In its landmark declaration on religious freedom, “Dignitatis Humanae,” the Second Vatican Council teaches that the “right of the human person to religious freedom is to be recognized in constitutional law … and thus is to become a civil right” (DH §2). Commentators both secular and religious noticed a marked change in the Council’s teaching from previous declarations, such as Gregory XVI’s encyclical “Mirari vos,” which condemns religious indifferentism.
The juxtaposition of both documents reveals itself as a false dichotomy, however. In declaring the civil right to religion as necessary, the Council never contradicted the teachings of previous pontificates, much less demeaned the unchangeable truth that the fullness of truth is found in the Catholic Church. The Council rightly taught that no state or political regime can circumvent the efforts of the Church by restricting the natural right and duty to worship God.

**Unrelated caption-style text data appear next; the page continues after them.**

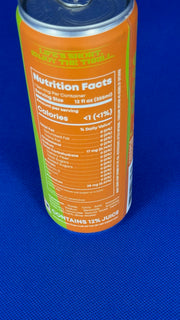 Canabzy Citrus Squeeze THC Seltzer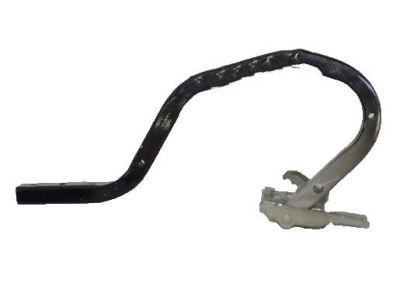 Acura 68660-TX6-A01ZZ Hinge, Driver Side Trunk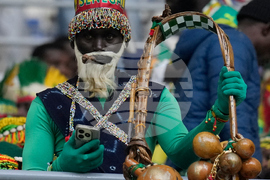 Morocco Africa Cup of Nations Soccer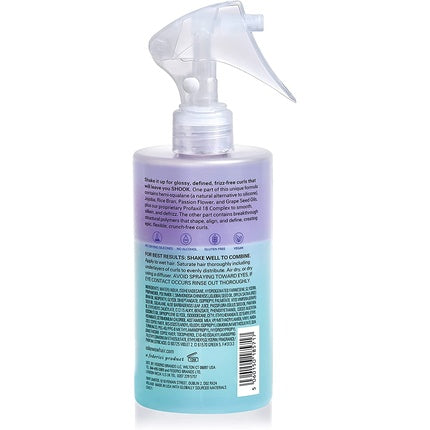 COLOR Wow SHOOK Mix + Fix Bundling Spray and Color Wow Curl Wow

Unfortunately, less favorable readings of the documents argue that the Church paved the way for the now-infamous campaign for “freedom from religion,” which purports an extreme separation between church and state.
The Establishment Clause in the U.S. Constitution prohibits the federal government from mandating the observance of one particular religion for the citizenry. But it says nothing about governmental checks on religion. Religious freedom allows the human person to fulfill something inherent in his very being: the desire to give glory and honor to God. If a political regime seeks to stifle that, it harms the common good. As “Dignitatis Humanae” teaches, “[Jesus] acknowledged the power of government and its rights, when He commanded that tribute be given to Caesar: but He gave clear warning that the higher rights of God are to be kept inviolate” (DH 11).